Entscheidungsstichwort (Thema)
Revisionszulassung wegen Fehlers bei der Auslegung revisiblen Rechts
Leitsatz (NV)
1. Die Wiedergabe klägerischen Vorbringens im unstreitigen Teil des Urteilstatbestands ist kein Fehler von so erheblichem Gewicht, der geeignet wäre, das Vertrauen in die Rechtsprechung zu beschädigen. Insoweit ist die Entscheidung auch nicht willkürlich i.S. der auf die Gesetzesbegründung gestützten Auslegung zu § 115 Abs. 2 Nr. 1 oder Nr. 2 FGO.
2. Von Willkür ist dann nicht auszugehen, wenn sich das Gericht mit der Rechtslage eingehend auseinander setzt und seine Auffassung nicht jeder Rechtsgrundlage entbehrt.
Normenkette
EStG §§ 2, 13; FGO § 115 Abs. 2 Nrn. 1, 3
Verfahrensgang
Niedersächsisches FG (Urteil vom 25.04.2002; Aktenzeichen 16 K (VIII) 12324/97) |
Gründe
Die Beschwerde kann keinen Erfolg haben.

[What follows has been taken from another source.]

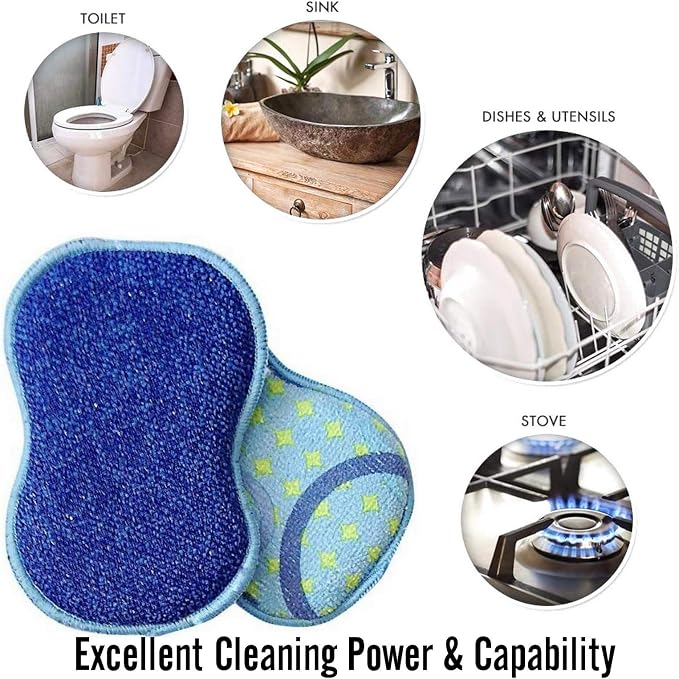 Microfiber Double Sided Scrub & Wipe Sponge Pad - Image 7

Sowohl die grundsätzliche Bedeutung der Rechtssache als auch der gerügte Verfahrensmangel unzureichender Sachaufklärung sind nicht in der nach § 116 Abs. 3 Satz 3 i.V.m. § 115 Abs. 2 Nrn. 1 und 3 der Finanzgerichtsordnung (FGO) gebotenen Weise schlüssig dargelegt. Soweit die Kläger und Beschwerdeführer (Kläger) geltend gemacht haben, das angefochtene Urteil leide an einem materiell-rechtlichen Fehler von erheblichem Gewicht, ist die Beschwerde unbegründet.

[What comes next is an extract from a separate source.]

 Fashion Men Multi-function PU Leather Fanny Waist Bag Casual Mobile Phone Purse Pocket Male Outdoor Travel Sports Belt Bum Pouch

1. Eine schlüssige Darlegung des Zulassungsgrundes der grundsätzlichen Bedeutung der Rechtssache erfordert ein konkretes und substantiiertes Eingehen des Beschwerdeführers darauf, inwieweit die von ihm aufgeworfenen Rechtsfragen klärungsbedürftig und in einem künftigen Revisionsverfahren klärungsfähig sind. Dafür reicht die bloße Behauptung, die Streitsache habe grundsätzliche Bedeutung, nicht aus. Zur Darlegung der grundsätzlichen Bedeutung einer Rechtssache ist anzugeben, in welchem Umfang, von welcher Seite und aus welchen Gründen die betreffende Rechtsfrage umstritten ist und welche unterschiedlichen Auffassungen zu dieser Frage in der Rechtsprechung oder im Schrifttum vertreten werden (Beschlüsse des Bundesfinanzhofs --BFH-- vom 2. April 2002 VII B 66/01, BFH/NV 2002, 1308; vom 22. November 2002 X B 92/02, BFH/NV 2003, 320).

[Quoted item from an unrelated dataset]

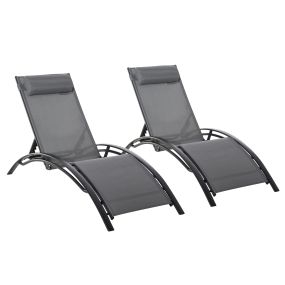 Juego de 2 Tumbonas de Jardín Relax con Marco de Aluminio Tumbonas Reclinables con Respaldo Ajustable en 5 Posiciones y Reposacabezas para Terraza Balcón 171x64x82 cm Gris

a) Die Kläger haben in ihrer Beschwerdebegründung aber weder eine umstrittene Rechtsfrage aufgeworfen noch das für die grundsätzliche Bedeutung erforderliche Allgemeininteresse dargelegt, sondern sich nach Art einer Revisionsbegründung mit der Vorentscheidung auseinander gesetzt und damit allenfalls ein individuelles Interesse an einer anderweitigen Entscheidung ihres Falles bekundet.
b) Allerdings haben die Kläger geltend gemacht, die grundsätzliche Bedeutung der Rechtssache liege in der grob fehlerhaften Rechtsanwendung des Liebhabereibegriffs durch das Finanzgericht (FG) und habe damit ihre Ursache in einem Rechtsfehler, der von erheblichem Gewicht und geeignet sei, das Vertrauen in die Rechtsprechung zu beschädigen.
Geht man mit den Klägern einmal davon aus, im Unterschied zu den Zulassungsgründen alter Fassung führten nach § 115 Abs. 2 Nr. 1 oder Nr. 2 FGO auch Fehler bei der Auslegung revisiblen Rechts zur Zulassung der Revision, wenn sie allgemeine Interessen nachhaltig berühren, so sind solche Fehler der Vorentscheidung doch weder dargelegt (§ 116 Abs. 3 Satz 3 FGO) noch offenkundig.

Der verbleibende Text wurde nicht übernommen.